--- How to complete this task ---
The records follow. Copy them exactly, but omit the pictures.

######

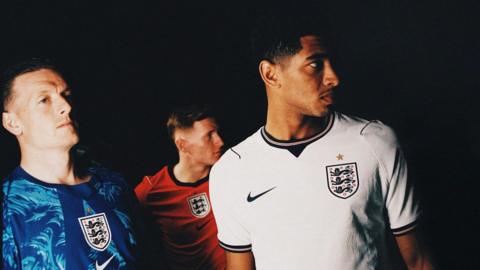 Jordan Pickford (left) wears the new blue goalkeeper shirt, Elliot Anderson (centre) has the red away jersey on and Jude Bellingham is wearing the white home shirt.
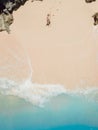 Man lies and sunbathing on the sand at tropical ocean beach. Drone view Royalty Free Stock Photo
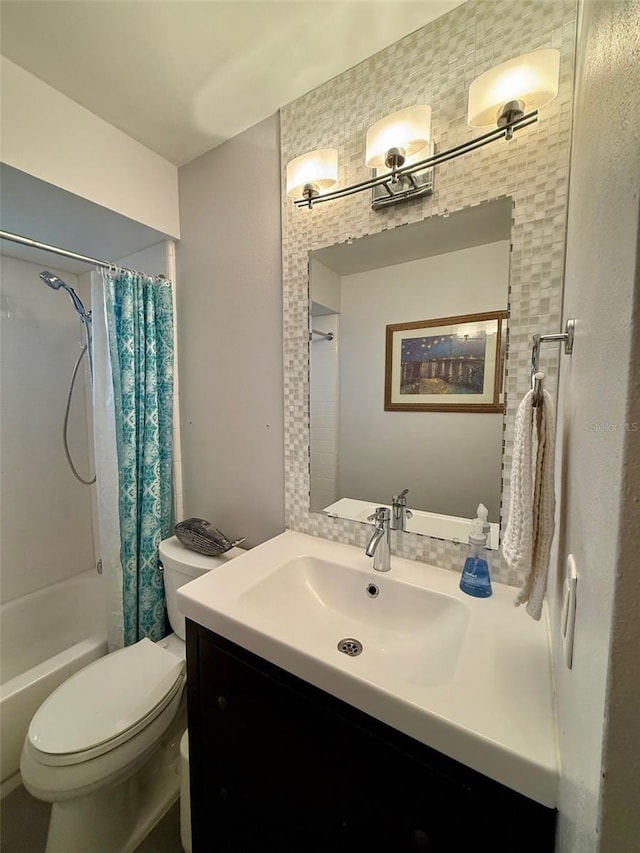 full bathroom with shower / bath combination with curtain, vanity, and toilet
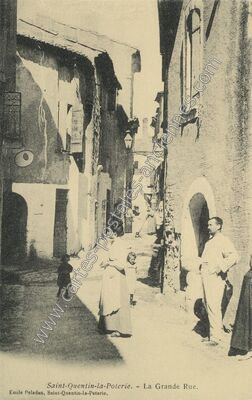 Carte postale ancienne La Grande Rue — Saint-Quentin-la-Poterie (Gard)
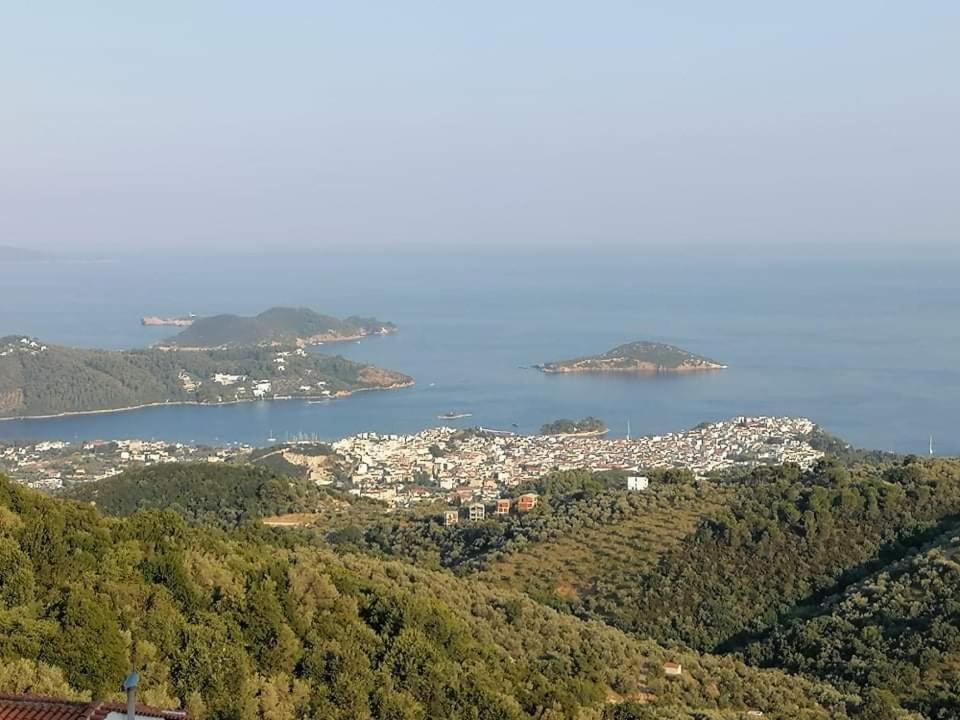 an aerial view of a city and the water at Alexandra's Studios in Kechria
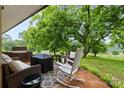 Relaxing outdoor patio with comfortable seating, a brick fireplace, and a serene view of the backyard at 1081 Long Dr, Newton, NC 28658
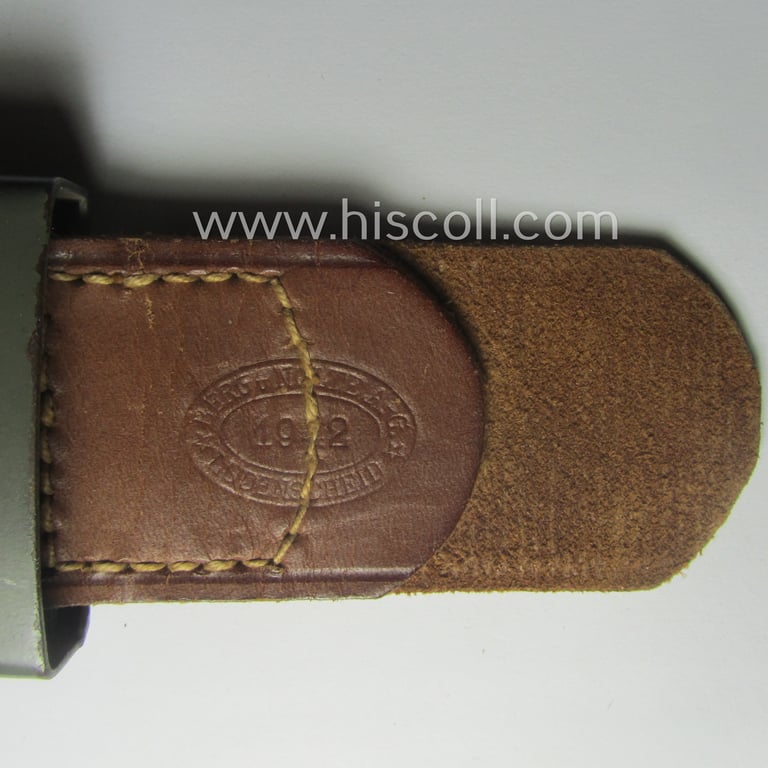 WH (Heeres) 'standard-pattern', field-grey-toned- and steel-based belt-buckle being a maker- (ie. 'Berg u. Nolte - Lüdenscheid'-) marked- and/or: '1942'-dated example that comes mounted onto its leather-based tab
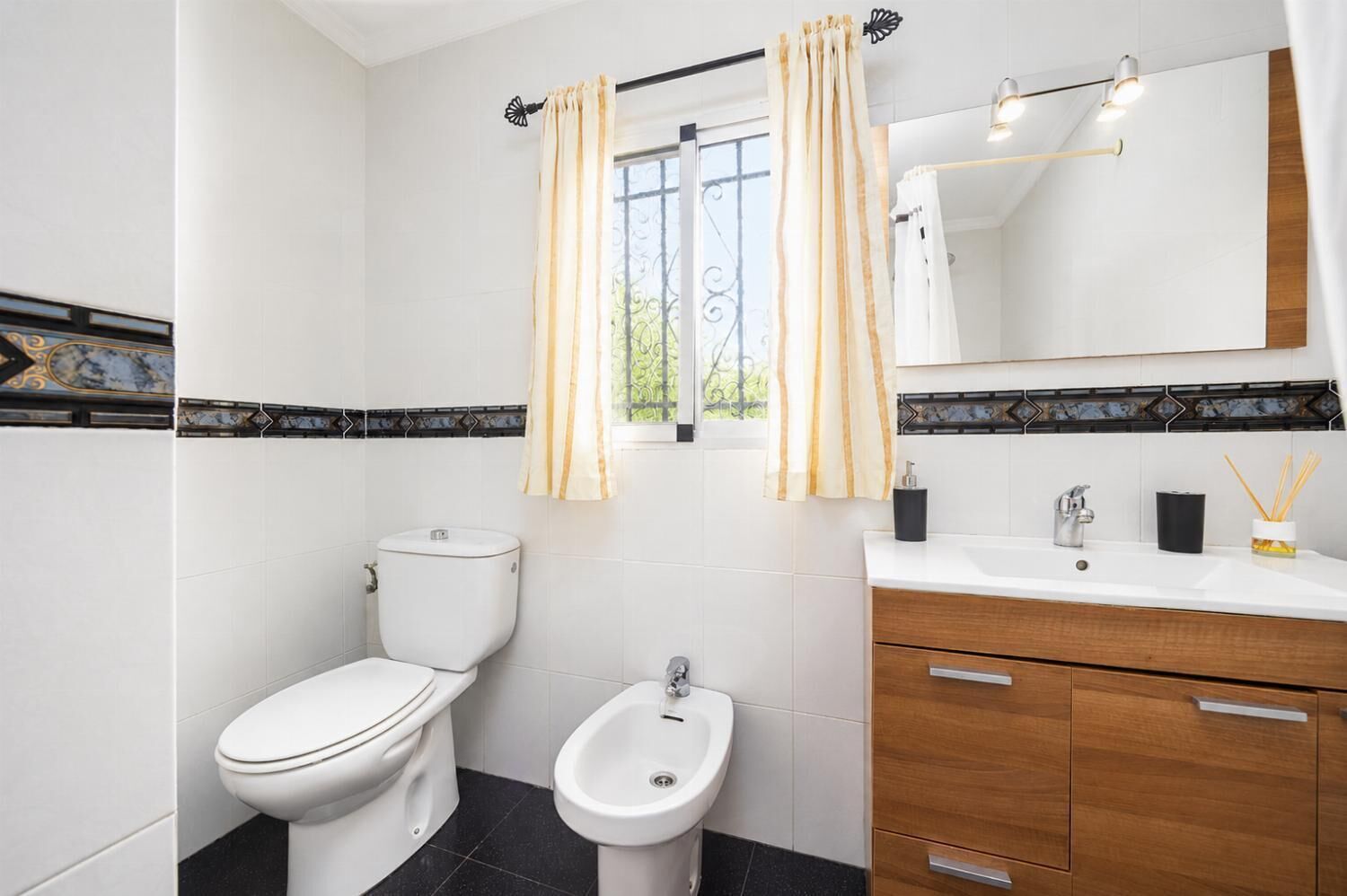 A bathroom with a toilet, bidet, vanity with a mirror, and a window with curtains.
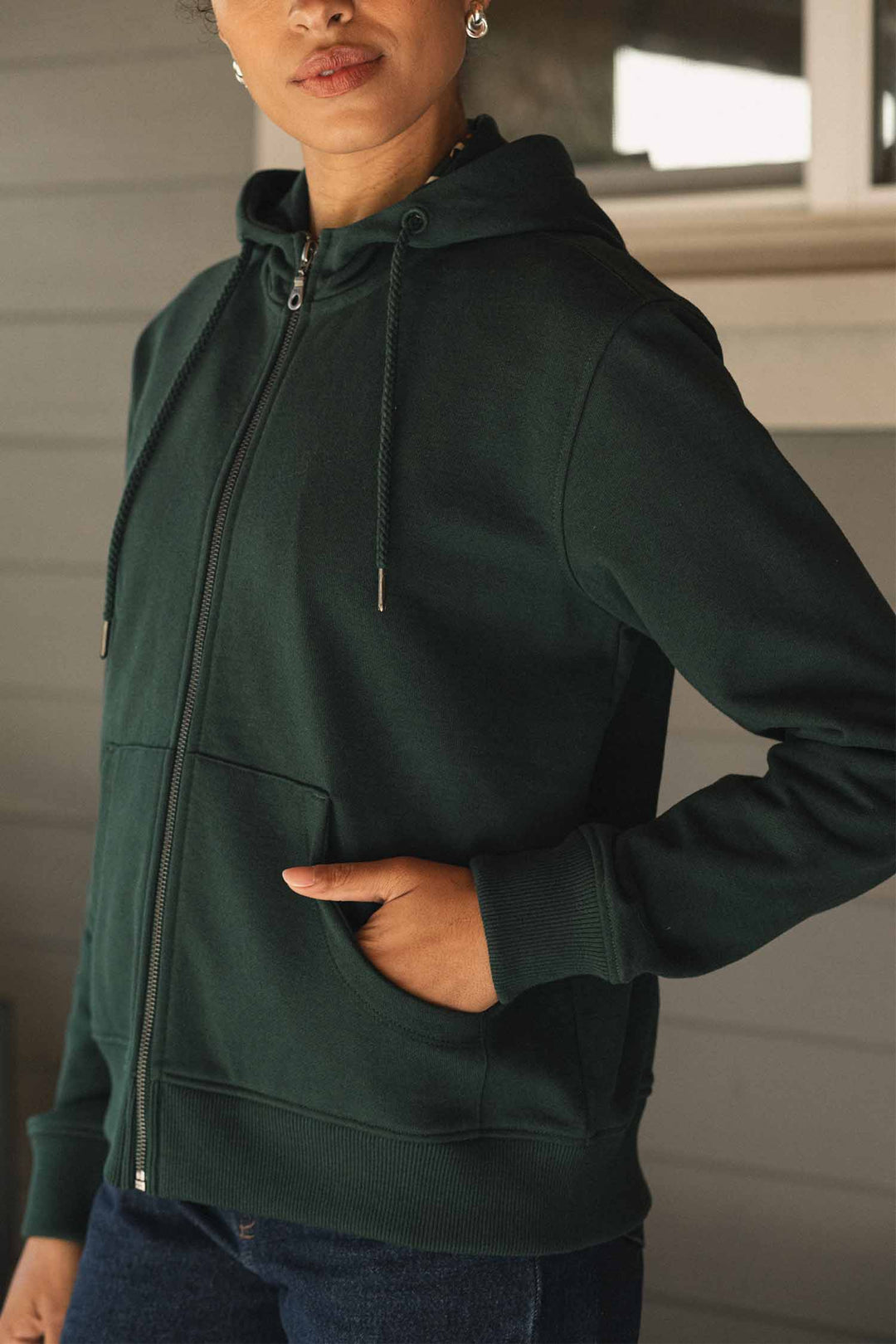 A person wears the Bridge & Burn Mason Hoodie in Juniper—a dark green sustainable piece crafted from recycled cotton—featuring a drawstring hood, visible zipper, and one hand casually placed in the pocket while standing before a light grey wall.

######

--- Answer ---
 Jordan Pickford (left) wears the new blue goalkeeper shirt, Elliot Anderson (centre) has the red away jersey on and Jude Bellingham is wearing the white home shirt.
 Man lies and sunbathing on the sand at tropical ocean beach. Drone view Royalty Free Stock Photo
 full bathroom with shower / bath combination with curtain, vanity, and toilet
 Carte postale ancienne La Grande Rue — Saint-Quentin-la-Poterie (Gard)
 an aerial view of a city and the water at Alexandra's Studios in Kechria
 Relaxing outdoor patio with comfortable seating, a brick fireplace, and a serene view of the backyard at 1081 Long Dr, Newton, NC 28658
 WH (Heeres) 'standard-pattern', field-grey-toned- and steel-based belt-buckle being a maker- (ie. 'Berg u. Nolte - Lüdenscheid'-) marked- and/or: '1942'-dated example that comes mounted onto its leather-based tab
 A bathroom with a toilet, bidet, vanity with a mirror, and a window with curtains.
 A person wears the Bridge & Burn Mason Hoodie in Juniper—a dark green sustainable piece crafted from recycled cotton—featuring a drawstring hood, visible zipper, and one hand casually placed in the pocket while standing before a light grey wall.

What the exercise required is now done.